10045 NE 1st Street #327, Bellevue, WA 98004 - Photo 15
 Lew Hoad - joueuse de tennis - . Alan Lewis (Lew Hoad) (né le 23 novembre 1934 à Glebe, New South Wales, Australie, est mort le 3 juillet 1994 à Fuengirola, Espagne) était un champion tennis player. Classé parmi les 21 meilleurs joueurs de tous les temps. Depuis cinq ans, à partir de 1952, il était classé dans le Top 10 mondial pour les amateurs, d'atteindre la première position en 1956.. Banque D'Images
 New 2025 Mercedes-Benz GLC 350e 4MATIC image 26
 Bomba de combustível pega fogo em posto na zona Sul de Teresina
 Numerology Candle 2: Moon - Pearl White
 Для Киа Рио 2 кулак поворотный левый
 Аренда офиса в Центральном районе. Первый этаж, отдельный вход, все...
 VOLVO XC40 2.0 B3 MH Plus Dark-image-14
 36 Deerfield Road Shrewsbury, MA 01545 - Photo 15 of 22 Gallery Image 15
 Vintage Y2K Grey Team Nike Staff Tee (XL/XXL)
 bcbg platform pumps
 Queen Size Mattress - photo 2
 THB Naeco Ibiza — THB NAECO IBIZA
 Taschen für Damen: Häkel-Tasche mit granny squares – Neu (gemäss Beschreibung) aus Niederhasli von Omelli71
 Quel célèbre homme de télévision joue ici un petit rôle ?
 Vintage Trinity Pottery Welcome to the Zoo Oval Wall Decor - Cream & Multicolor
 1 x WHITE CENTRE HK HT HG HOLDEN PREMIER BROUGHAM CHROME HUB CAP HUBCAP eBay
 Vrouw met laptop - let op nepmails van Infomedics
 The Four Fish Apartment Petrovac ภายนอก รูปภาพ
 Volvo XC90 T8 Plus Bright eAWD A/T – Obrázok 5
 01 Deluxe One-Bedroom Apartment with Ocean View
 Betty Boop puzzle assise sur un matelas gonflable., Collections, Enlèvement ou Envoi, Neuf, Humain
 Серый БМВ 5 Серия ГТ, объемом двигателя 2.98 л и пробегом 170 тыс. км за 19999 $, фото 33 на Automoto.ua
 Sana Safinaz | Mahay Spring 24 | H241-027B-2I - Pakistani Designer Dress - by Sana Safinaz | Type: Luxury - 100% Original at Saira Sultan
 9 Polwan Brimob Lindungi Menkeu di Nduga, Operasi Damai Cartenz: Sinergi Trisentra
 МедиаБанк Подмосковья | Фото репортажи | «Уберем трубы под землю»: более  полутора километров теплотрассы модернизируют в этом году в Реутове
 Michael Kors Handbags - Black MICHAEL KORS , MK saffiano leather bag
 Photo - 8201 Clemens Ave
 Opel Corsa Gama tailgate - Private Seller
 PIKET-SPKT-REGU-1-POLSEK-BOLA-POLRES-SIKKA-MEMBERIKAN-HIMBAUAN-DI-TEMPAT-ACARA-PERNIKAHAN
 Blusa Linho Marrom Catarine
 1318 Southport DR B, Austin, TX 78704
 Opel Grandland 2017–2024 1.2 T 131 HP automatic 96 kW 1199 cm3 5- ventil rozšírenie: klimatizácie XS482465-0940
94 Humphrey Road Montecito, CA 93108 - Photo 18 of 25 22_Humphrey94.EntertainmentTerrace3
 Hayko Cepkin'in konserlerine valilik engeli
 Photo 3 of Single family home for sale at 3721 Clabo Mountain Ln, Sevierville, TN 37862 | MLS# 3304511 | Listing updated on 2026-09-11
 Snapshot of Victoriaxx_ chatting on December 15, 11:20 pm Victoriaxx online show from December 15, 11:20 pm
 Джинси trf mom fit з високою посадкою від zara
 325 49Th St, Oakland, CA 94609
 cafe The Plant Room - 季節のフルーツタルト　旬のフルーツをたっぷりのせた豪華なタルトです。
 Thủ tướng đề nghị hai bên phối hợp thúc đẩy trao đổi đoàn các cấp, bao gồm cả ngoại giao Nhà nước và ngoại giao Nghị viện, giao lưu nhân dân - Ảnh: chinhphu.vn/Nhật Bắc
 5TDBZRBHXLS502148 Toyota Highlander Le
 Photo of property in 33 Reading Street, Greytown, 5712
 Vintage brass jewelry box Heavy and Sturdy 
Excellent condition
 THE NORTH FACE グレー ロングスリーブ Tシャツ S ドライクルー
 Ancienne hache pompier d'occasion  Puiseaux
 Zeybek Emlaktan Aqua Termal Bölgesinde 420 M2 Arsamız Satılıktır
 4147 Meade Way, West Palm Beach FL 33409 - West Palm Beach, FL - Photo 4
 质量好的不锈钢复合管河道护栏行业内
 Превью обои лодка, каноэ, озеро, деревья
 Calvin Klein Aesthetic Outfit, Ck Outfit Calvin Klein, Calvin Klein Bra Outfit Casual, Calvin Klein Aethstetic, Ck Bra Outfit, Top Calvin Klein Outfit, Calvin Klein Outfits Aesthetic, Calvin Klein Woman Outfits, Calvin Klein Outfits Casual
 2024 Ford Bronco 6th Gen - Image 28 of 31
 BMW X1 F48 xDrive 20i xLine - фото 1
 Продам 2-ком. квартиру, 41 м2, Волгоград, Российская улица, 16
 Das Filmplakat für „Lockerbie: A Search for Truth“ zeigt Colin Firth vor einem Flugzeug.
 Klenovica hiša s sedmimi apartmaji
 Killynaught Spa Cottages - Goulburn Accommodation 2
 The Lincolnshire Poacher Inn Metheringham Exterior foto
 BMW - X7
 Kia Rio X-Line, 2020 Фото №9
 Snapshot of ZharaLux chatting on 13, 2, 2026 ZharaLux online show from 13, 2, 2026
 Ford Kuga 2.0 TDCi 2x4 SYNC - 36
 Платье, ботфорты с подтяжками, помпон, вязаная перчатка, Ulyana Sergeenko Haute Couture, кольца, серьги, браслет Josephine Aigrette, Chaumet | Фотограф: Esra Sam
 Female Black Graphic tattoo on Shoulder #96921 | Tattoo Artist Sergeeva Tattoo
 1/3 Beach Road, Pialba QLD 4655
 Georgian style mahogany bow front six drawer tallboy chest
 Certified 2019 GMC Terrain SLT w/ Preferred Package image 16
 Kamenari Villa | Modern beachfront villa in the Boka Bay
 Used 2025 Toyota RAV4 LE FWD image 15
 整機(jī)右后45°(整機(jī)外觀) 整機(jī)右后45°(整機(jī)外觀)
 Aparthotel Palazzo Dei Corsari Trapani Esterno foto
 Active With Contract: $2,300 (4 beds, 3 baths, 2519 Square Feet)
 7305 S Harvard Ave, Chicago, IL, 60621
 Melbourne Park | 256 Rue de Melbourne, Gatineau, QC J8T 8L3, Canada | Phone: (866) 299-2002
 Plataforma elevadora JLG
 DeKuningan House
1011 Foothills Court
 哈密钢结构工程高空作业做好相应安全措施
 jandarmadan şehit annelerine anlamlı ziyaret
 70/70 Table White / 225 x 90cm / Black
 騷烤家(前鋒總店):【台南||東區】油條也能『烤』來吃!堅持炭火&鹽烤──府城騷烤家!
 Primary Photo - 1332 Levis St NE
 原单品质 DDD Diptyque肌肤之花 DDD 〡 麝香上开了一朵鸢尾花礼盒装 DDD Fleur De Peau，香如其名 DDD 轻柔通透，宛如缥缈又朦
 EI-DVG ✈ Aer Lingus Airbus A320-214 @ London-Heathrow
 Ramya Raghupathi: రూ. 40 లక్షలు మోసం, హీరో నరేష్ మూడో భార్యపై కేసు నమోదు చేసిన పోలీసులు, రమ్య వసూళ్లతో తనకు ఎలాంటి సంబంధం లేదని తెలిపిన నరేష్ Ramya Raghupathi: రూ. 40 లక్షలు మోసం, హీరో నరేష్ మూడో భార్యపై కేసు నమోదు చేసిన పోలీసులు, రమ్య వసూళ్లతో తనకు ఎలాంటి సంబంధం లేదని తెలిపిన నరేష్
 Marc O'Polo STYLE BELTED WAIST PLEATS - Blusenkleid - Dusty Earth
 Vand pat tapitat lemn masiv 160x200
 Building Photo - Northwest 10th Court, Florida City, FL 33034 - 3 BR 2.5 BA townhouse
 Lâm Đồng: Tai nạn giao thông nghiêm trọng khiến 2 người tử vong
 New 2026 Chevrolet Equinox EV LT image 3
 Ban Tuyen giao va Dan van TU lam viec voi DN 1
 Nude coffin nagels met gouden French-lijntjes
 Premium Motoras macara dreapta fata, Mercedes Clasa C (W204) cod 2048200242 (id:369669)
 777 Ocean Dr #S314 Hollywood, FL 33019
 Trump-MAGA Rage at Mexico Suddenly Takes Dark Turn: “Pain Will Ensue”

§ Exercise objective
In the listing above, transcribe exactly everything from the line containing "5TDBZRBHXLS502148 Toyota Highlander Le" down to the line containing "70/70 Table White / 225 x 90cm / Black", including both and nothing more.

§ Exercise solution
 5TDBZRBHXLS502148 Toyota Highlander Le
 Photo of property in 33 Reading Street, Greytown, 5712
 Vintage brass jewelry box Heavy and Sturdy 
Excellent condition
 THE NORTH FACE グレー ロングスリーブ Tシャツ S ドライクルー
 Ancienne hache pompier d'occasion  Puiseaux
 Zeybek Emlaktan Aqua Termal Bölgesinde 420 M2 Arsamız Satılıktır
 4147 Meade Way, West Palm Beach FL 33409 - West Palm Beach, FL - Photo 4
 质量好的不锈钢复合管河道护栏行业内
 Превью обои лодка, каноэ, озеро, деревья
 Calvin Klein Aesthetic Outfit, Ck Outfit Calvin Klein, Calvin Klein Bra Outfit Casual, Calvin Klein Aethstetic, Ck Bra Outfit, Top Calvin Klein Outfit, Calvin Klein Outfits Aesthetic, Calvin Klein Woman Outfits, Calvin Klein Outfits Casual
 2024 Ford Bronco 6th Gen - Image 28 of 31
 BMW X1 F48 xDrive 20i xLine - фото 1
 Продам 2-ком. квартиру, 41 м2, Волгоград, Российская улица, 16
 Das Filmplakat für „Lockerbie: A Search for Truth“ zeigt Colin Firth vor einem Flugzeug.
 Klenovica hiša s sedmimi apartmaji
 Killynaught Spa Cottages - Goulburn Accommodation 2
 The Lincolnshire Poacher Inn Metheringham Exterior foto
 BMW - X7
 Kia Rio X-Line, 2020 Фото №9
 Snapshot of ZharaLux chatting on 13, 2, 2026 ZharaLux online show from 13, 2, 2026
 Ford Kuga 2.0 TDCi 2x4 SYNC - 36
 Платье, ботфорты с подтяжками, помпон, вязаная перчатка, Ulyana Sergeenko Haute Couture, кольца, серьги, браслет Josephine Aigrette, Chaumet | Фотограф: Esra Sam
 Female Black Graphic tattoo on Shoulder #96921 | Tattoo Artist Sergeeva Tattoo
 1/3 Beach Road, Pialba QLD 4655
 Georgian style mahogany bow front six drawer tallboy chest
 Certified 2019 GMC Terrain SLT w/ Preferred Package image 16
 Kamenari Villa | Modern beachfront villa in the Boka Bay
 Used 2025 Toyota RAV4 LE FWD image 15
 整機(jī)右后45°(整機(jī)外觀) 整機(jī)右后45°(整機(jī)外觀)
 Aparthotel Palazzo Dei Corsari Trapani Esterno foto
 Active With Contract: $2,300 (4 beds, 3 baths, 2519 Square Feet)
 7305 S Harvard Ave, Chicago, IL, 60621
 Melbourne Park | 256 Rue de Melbourne, Gatineau, QC J8T 8L3, Canada | Phone: (866) 299-2002
 Plataforma elevadora JLG
 DeKuningan House
1011 Foothills Court
 哈密钢结构工程高空作业做好相应安全措施
 jandarmadan şehit annelerine anlamlı ziyaret
 70/70 Table White / 225 x 90cm / Black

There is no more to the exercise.